By Kelly Holleran | Aug 27, 2009

CHARLESTON – Appalachian Power Company claims it should not have to pay punitive damages to a man who filed a lawsuit against it after he says a faulty security gate arm got him fired.

Mark Webb filed a lawsuit June 15 in Kanawha Circuit Court against American Electric Power. Appalachian Power Company, which says it was incorrectly identified in Webb's suit as American Electric Power, removed the case to U.S. District Court for the Southern District of West Virginia on July 16.

In his suit, Webb claims he was a dump truck driver for a company called Headwaters, Inc.

He says that on Dec. 5, 2008, he was entering an AEP property in Glasgow through a security gate.

According to his complaint, as Webb was going through the gate, the arm came down on the truck, causing minimal damage to the truck and more damage to the gate.

Webb says an employee of AEP called his employer to say they did not want Webb on AEP property again.

Because of this call, Webb says he was fired from his job.

He's seeking compensatory and punitive damages.

But Appalachian Power Company denies Webb's allegations against it andclaims it should not be required to pay any punitive damages to Webb.

"It is a violation of the Due Process and Equal Protection Clauses of the Fourteenth Amendment of the United States Constitution to impose punitive damages, which are penal in nature, against a civil defendant upon a plaintiff satisfying a burden of proof which is less than the 'beyond a reasonable doubt' burden of proof required in criminal cases," the electric company's answer to Webb's complaint says.

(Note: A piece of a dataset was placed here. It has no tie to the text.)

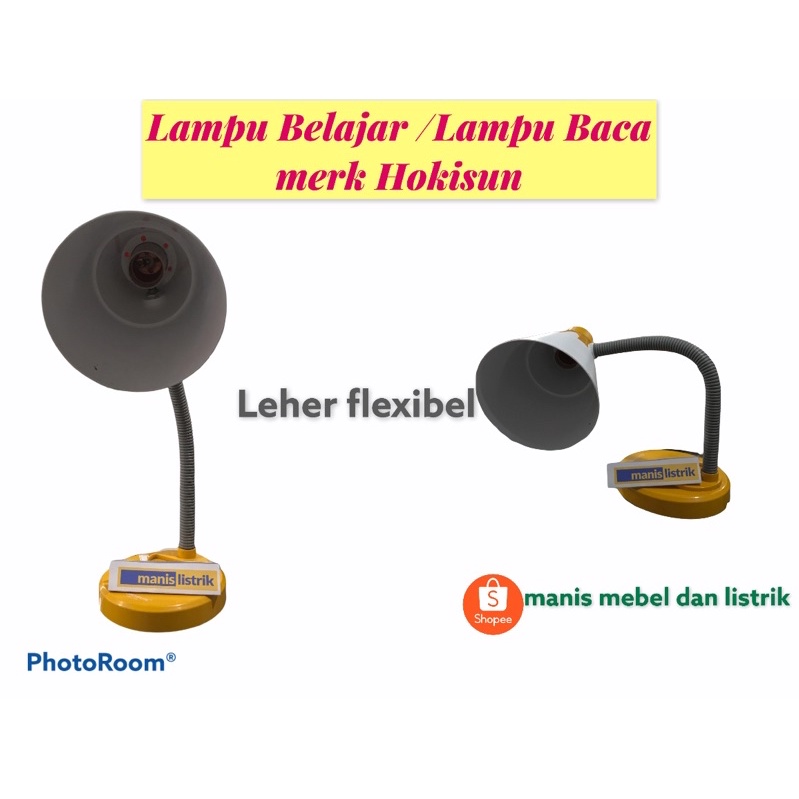 LAMPU MEJA BELAJAR/LAMPU BELAJAR FLEXIBEL/LAMPU BACA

In addition, Appalachian Power Company blames Webb and other intervening acts for causing his termination.

"If Plaintiff suffered from any of the damages alleged in the Complaint, such damages were caused solely by conduct of persons, firms and/or corporations other than APCo," its answer says. "APCO cannot be held liable for the acts or omissions of such persons, firms or corporations."

In its answer, Appalachian Power Company is asking the court to rule it is not liable for any of Webb's damages and is asking the court to dismiss the case with prejudice , awarding the company costs and attorney's fees.

J. Michael Ranson, Cynthia M. Ranson and George B. Morrone are representing Webb.

Brian R. Swiger and Matthew S. Casto of Jackson Kelly in Charleston are representing Appalachian Power Company.